- **PROVIDED ENTRIES**

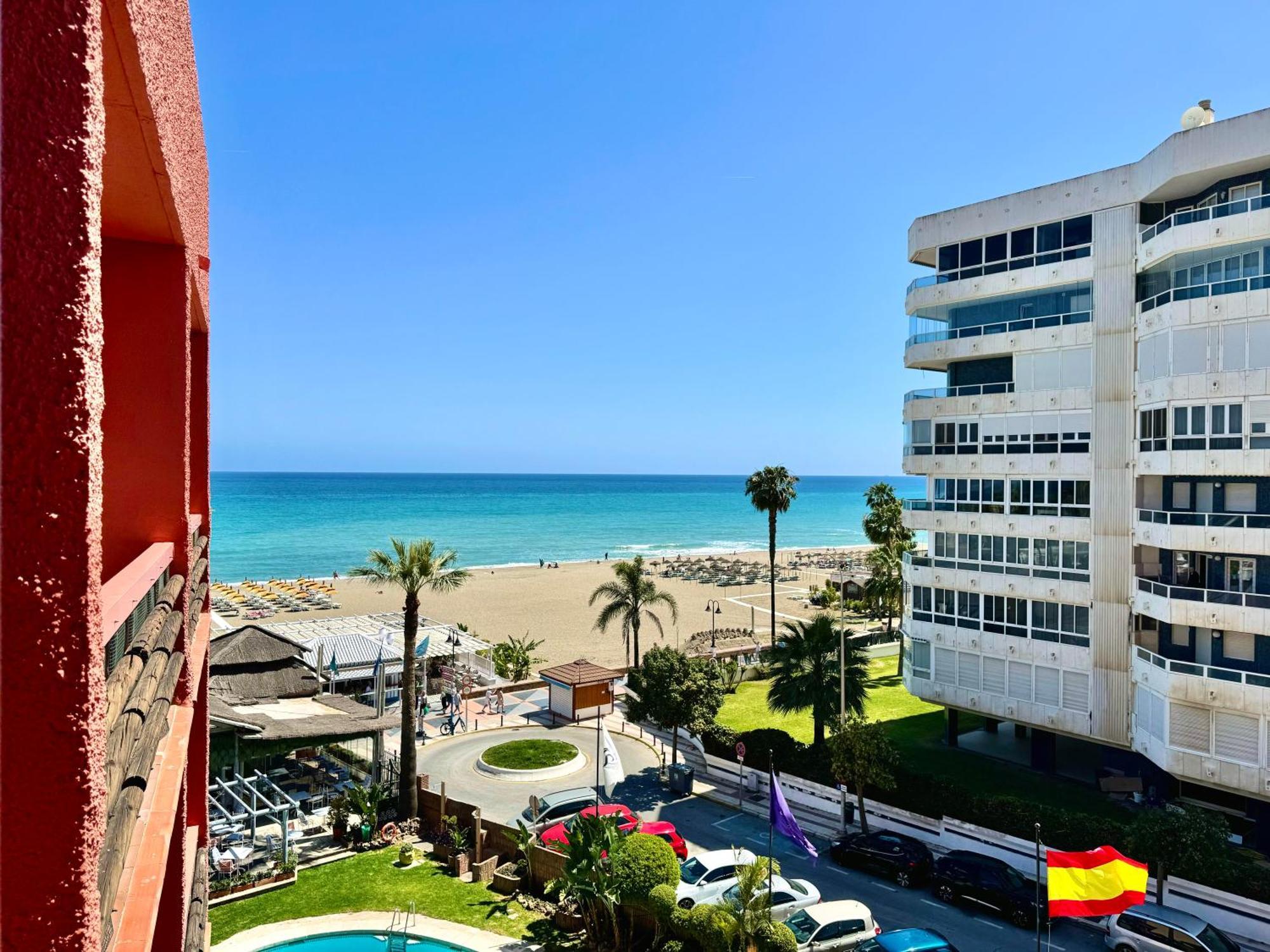 Hotel Ms Tropicana Torremolinos Bagian luar foto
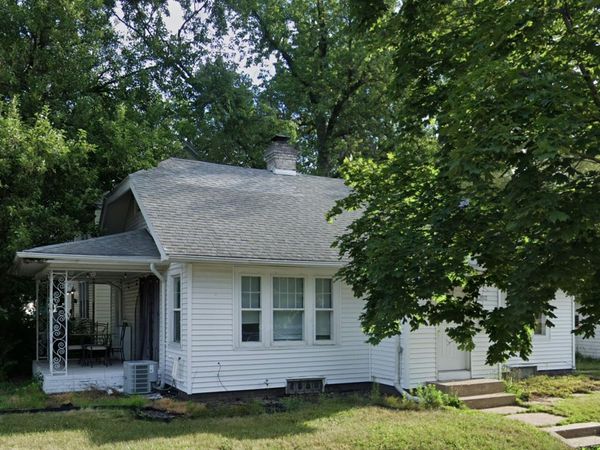 1202 Cleveland Avenue, South Bend, IN 46628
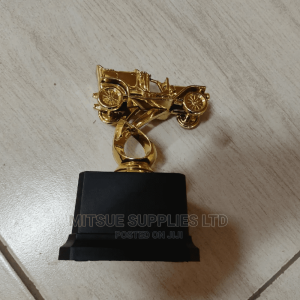 Classic/Antique Motor Vehicle Award 15.5cm.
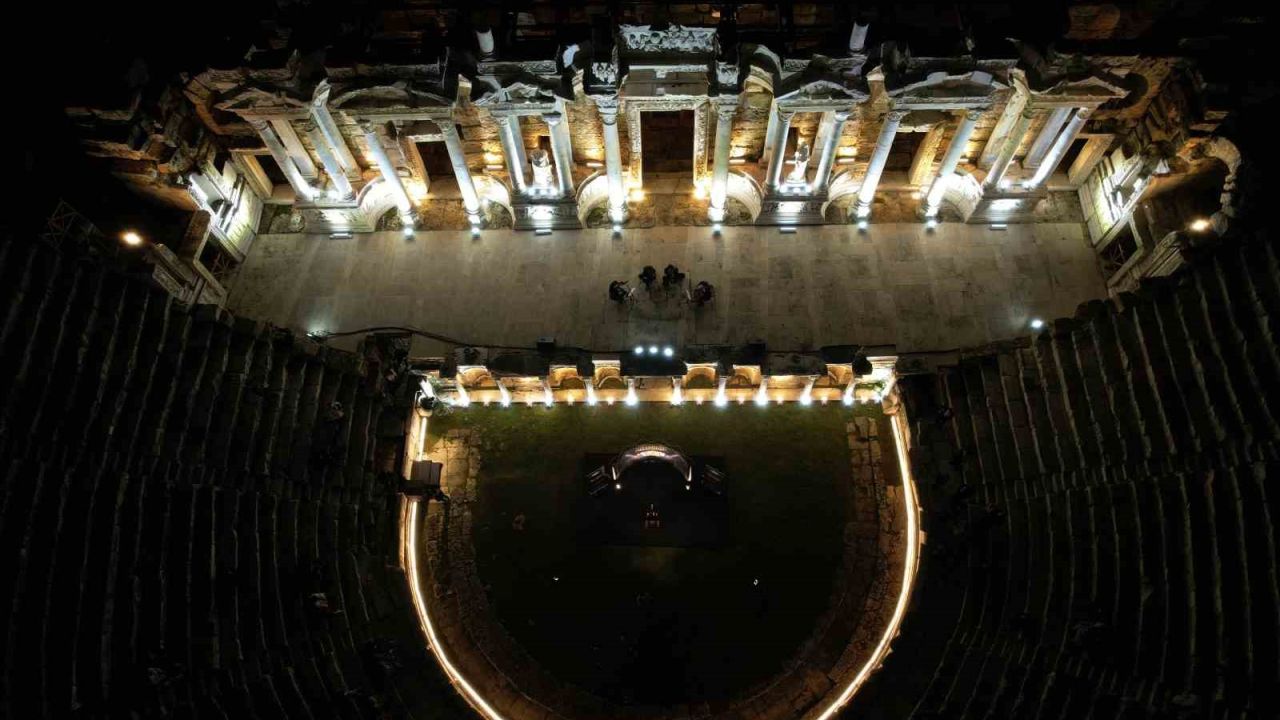 Hierapolis’te gece müzeciliğinde yeni sezon başladı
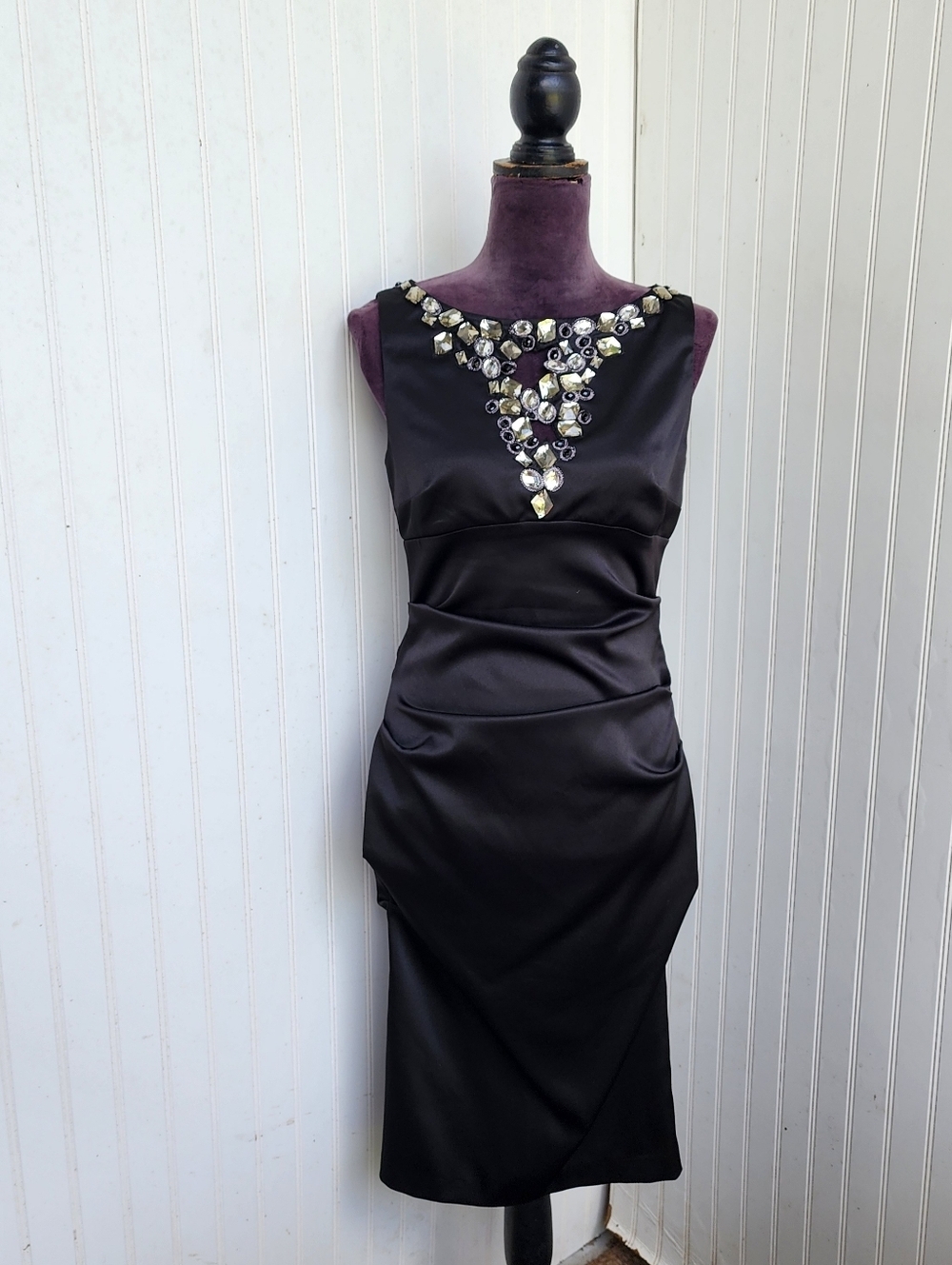Blu Sage Satin Elegant Black Dress Rinestones Detail Rutched Midi Sleveless Sz 6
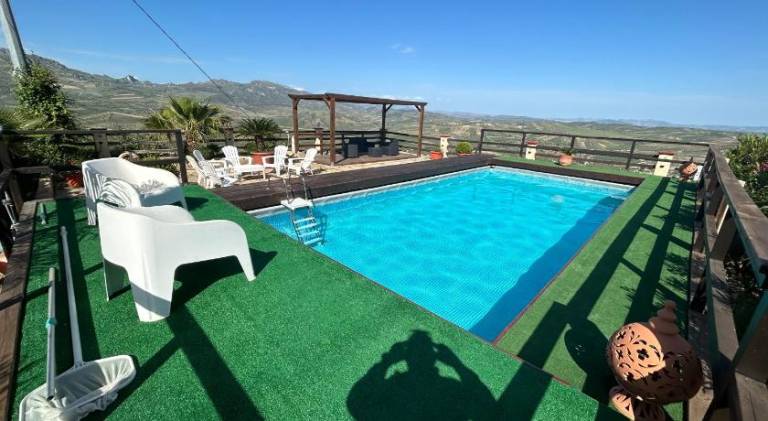 Holiday apartment with garden, barbecue & pool — photo 3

- **YOUR ASSIGNMENT**
Pictures stay out. Repeat only the lines from the beginning of the data through the line that has "Hierapolis’te gece müzeciliğinde".

- **TASK OUTPUT**
 Hotel Ms Tropicana Torremolinos Bagian luar foto
 1202 Cleveland Avenue, South Bend, IN 46628
 Classic/Antique Motor Vehicle Award 15.5cm.
 Hierapolis’te gece müzeciliğinde yeni sezon başladı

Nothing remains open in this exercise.